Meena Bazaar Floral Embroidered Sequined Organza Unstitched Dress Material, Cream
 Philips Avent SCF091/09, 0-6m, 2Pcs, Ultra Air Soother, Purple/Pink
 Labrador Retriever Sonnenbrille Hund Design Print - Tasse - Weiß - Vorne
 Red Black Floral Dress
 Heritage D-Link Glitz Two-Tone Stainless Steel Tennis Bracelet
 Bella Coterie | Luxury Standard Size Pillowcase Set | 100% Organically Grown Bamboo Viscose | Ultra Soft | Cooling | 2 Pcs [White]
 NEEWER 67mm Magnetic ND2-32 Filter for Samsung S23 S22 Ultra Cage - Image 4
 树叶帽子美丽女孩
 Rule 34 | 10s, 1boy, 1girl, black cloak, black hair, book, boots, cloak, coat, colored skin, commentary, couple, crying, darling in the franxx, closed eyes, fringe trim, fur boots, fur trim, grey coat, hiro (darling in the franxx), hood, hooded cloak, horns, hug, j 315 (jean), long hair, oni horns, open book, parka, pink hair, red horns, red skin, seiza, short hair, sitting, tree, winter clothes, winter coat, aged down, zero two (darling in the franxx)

WHAT THE TASK ASKS: Look through the entries for lines containing the word "Floral" and return each one.

TASK RESULT:
Meena Bazaar Floral Embroidered Sequined Organza Unstitched Dress Material, Cream
 Red Black Floral Dress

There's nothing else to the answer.